Maybe I shouldn’t be hung up on the idea of Lazarus miraculously coming forth but focus in on the idea that Lazarus came forth NOW, not later – now, not at the end of the age. Perhaps Jesus is teaching us that resurrection isn’t only applicable to a great happening in the far off future but is something that, through him (I am the resurrection and the life!), is operative in the here and now!
That’s an interpretation I can get behind!
Lazarus is “unbound” at the end. Unbound from what? Bandages, surely – but what do they represent?
Perhaps Lazarus, and Martha and Mary, and you and I, all need to be unbound from our limiting understanding of resurrection as a far off event that only happens when you physically experience death – and be released from our bondage into an understanding that death and resurrection are theological concepts that describe endings and beginnings that happen all the time while we live.
Every time we experience the end or dying of a relationship, or an ability, or an activity, or a habit, or whatever – there is something vitally, spiritually important about to happen – a new thing, a renewal, a new chapter, a resurrection.
None of this denies anything about Jesus’ resurrection after his death on the cross: but it does greatly expand and extend the theological concept of resurrection and opens us to the possibility of embracing new life in the here and now right in the midst of what seems like our greatest failures or hurts.

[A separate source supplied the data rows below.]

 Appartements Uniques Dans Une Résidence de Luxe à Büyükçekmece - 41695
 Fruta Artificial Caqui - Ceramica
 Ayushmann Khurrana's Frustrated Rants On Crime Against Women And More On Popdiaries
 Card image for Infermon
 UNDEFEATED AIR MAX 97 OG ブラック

It’s not just the ultimate drama of Jesus on the cross that beckons resurrection – it’s also the way we understand and experience our life as persons of faith. We are in a constant state of ending and beginning, of dying and rising during our lives. We are people of constant resurrection.
How do I know this? Because Jesus told us, and now we can hear those words more deeply:
“I am the resurrection and the life. Those who believe in me, even though they die to something in the here and now, will live and be renewed in the here and now, and everyone who lives and trusts in me will never stop experiencing new life.”

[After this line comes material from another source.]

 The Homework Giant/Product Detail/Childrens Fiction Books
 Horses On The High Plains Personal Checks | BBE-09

And for me, the Lazarus story is redeemed, and it becomes a rich expression of the awesome spiritual pattern of dying and rising that people of faith in Jesus experience in profound and wondrous ways.
And this then becomes a perfect Lenten story – not just because of the obvious foreshadowing of Jesus’ own death and resurrection, but also because it reminds us that we are not alone. Jesus is with us at the many “tombs” in our lives – just like he was at Lazarus’ tomb – reminding us it’s not the end, and offering us renewal.
And as theologian Meda Stamper says, “having Jesus at our tombs also means that we must follow him to his!”
And so, people of faith, people of resurrection, we turn our eyes toward Jerusalem.